O DIREITO de saber o que ocorreu no regime militar (1964-1985) e o direito de punir quem tenha cometido crimes por motivo político no período voltam ao debate no Brasil. Uma família requer na Justiça o reconhecimento oficial, como torturador, do coronel que chefiava a repressão em São Paulo. E o procurador-geral da República interpelou o presidente Lula sobre arquivos que as forças de segurança alegam não mais existir.
Nos dois lados do confronto que marcou a fase mais violenta do governo militar, há famílias e indivíduos descontentes com o resultado da Lei de Anistia, de 1979, outorgada pelo presidente Figueiredo. O mecanismo, se não apagou os crimes cometidos seja pela repressão, seja por grupos armados de esquerda, impediu a punição dos culpados.

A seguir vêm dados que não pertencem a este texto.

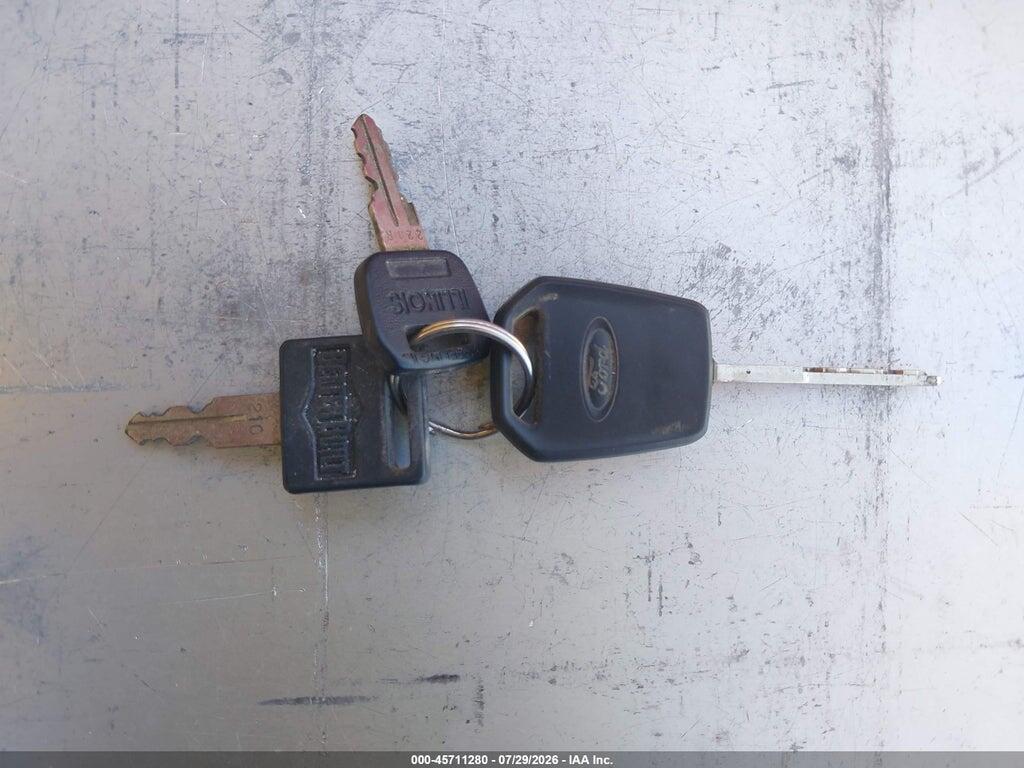 1FTMF1E81FKD29419 2015 FORD F-150 photo no. 11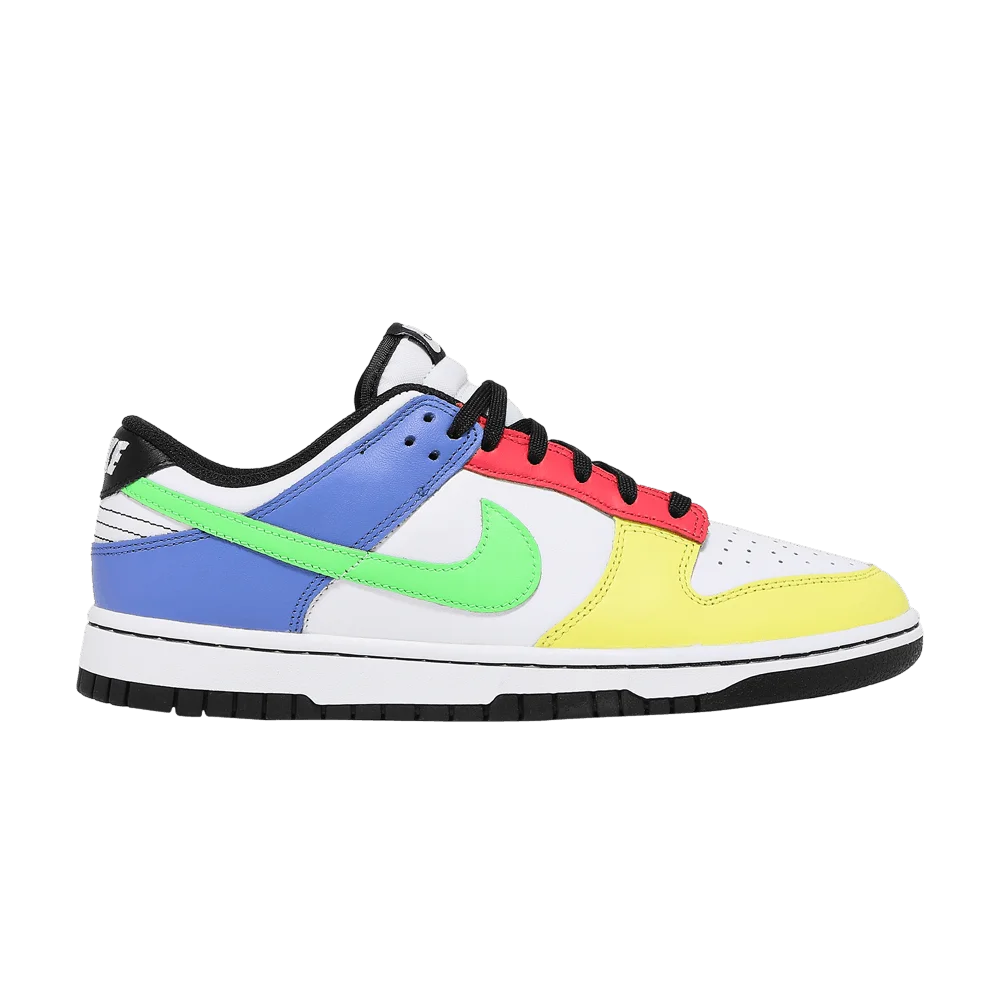 Кроссовки Nike Wmns Dunk Low 'Green Strike'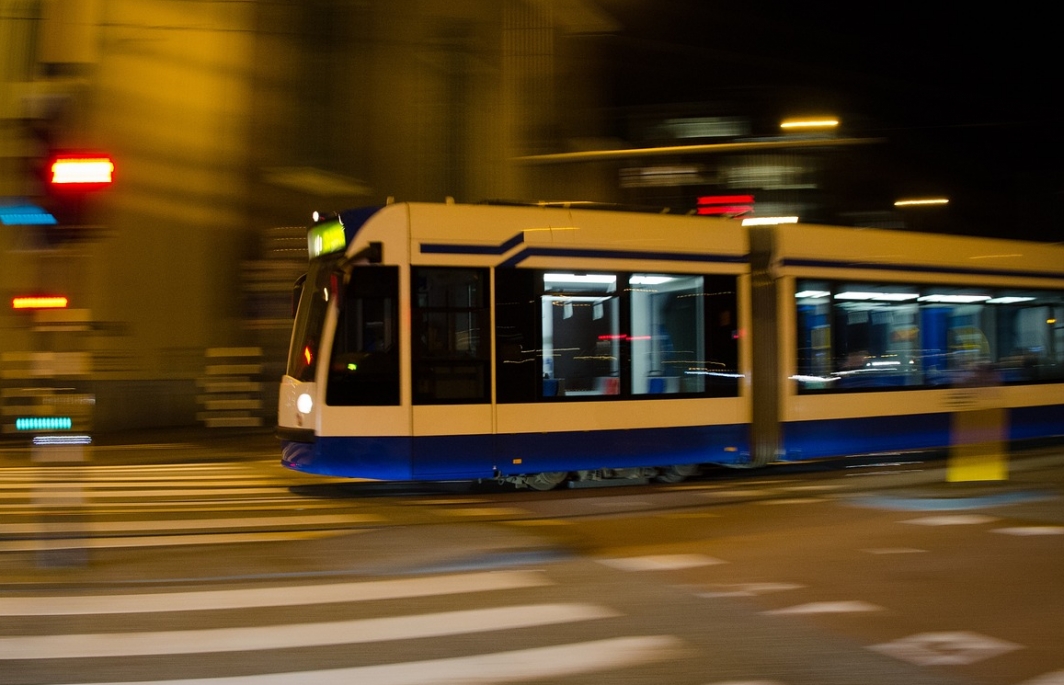 Mężczyźni oskarżeni o wypchnięcie niepełnosprawnego z tramwaju w Rudzie Śląskiej zostali aresztowani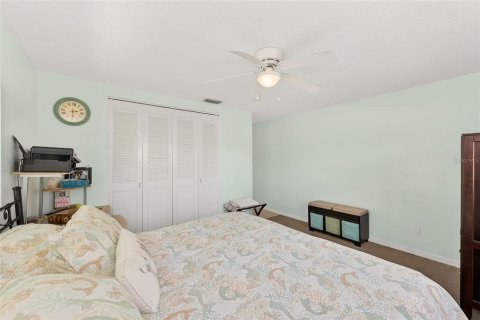 Copropriété à vendre à Largo, Floride: 2 chambres, 118.73 m2 № 2151421 - photo 15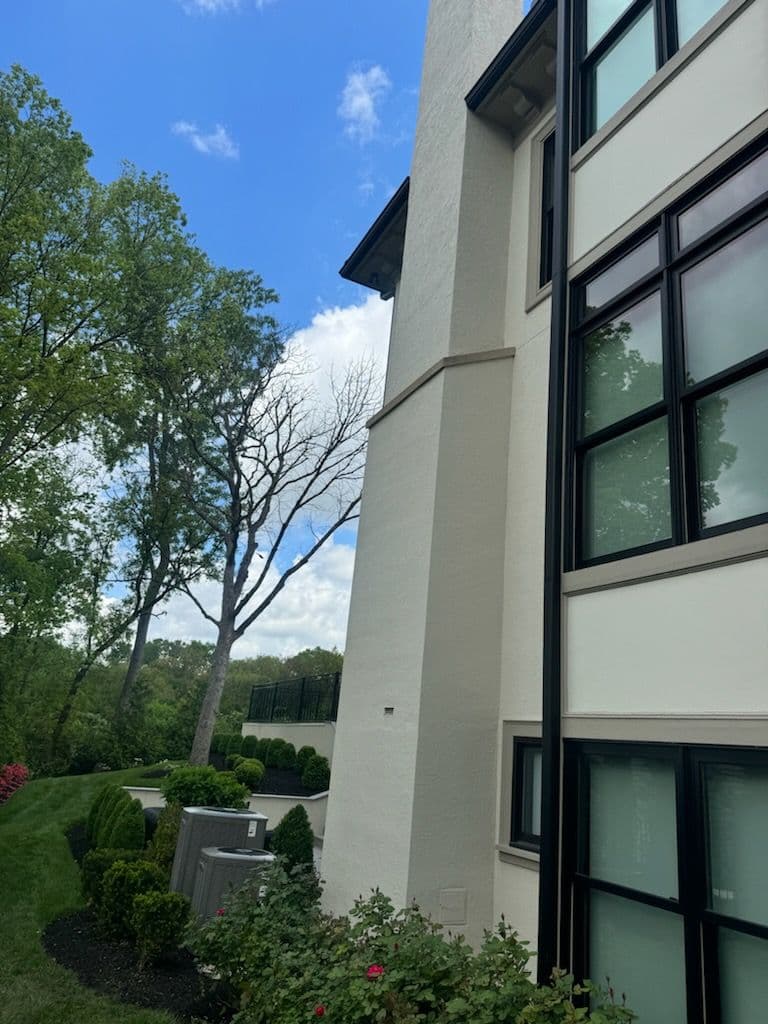 Gallery photos for Midtown Stucco Repair Transforms Local Building: Image #1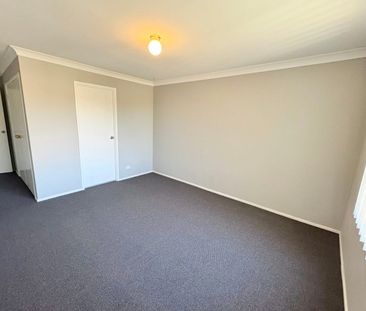 STREET FACING TOWNHOUSE!! - Photo 6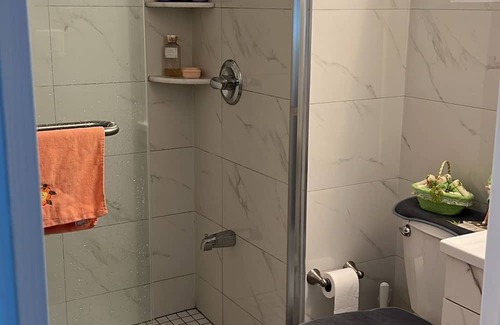 Kew Gardens Hills Casa | Shared room is ready to use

A sábia opção por uma anistia que acabou englobando as duas partes em conflito sacrificou tais expectativas individuais de punição em nome de um bem maior, a reconciliação nacional. Como escreveu nesta Folha o jurista Tercio Sampaio Ferraz Jr., a anistia não foi concebida para que um conjunto de pessoas se beneficiasse, "mas no interesse soberano da própria sociedade".
Chile e Argentina, entre outros, estão revendo as suas leis de anistia. Trata-se de opção cujos custos e benefícios só cabe a cada nação soberana avaliar. No caso do Brasil -onde tanto a repressão de Estado quanto a oposição armada assumiram proporções bem mais modestas do que no Chile e na Argentina-, a anistia de 1979 foi uma solução satisfatória e definitiva.
Se o direito de punir ressurgisse em favor de uma das partes, teria de ser de pronto estendido à outra, reabrindo feridas há muito cicatrizadas. A certeza de que não haverá esse retrocesso torna injustificável a manutenção do sigilo eterno sobre alguns arquivos do Estado -e das dificuldades de acesso a acervos públicos desse período.
A anistia acertadamente extinguiu o direito de punir, mas não impugnou o direito do público de ter acesso -mediante regras claras- a documentos que pertencem à História.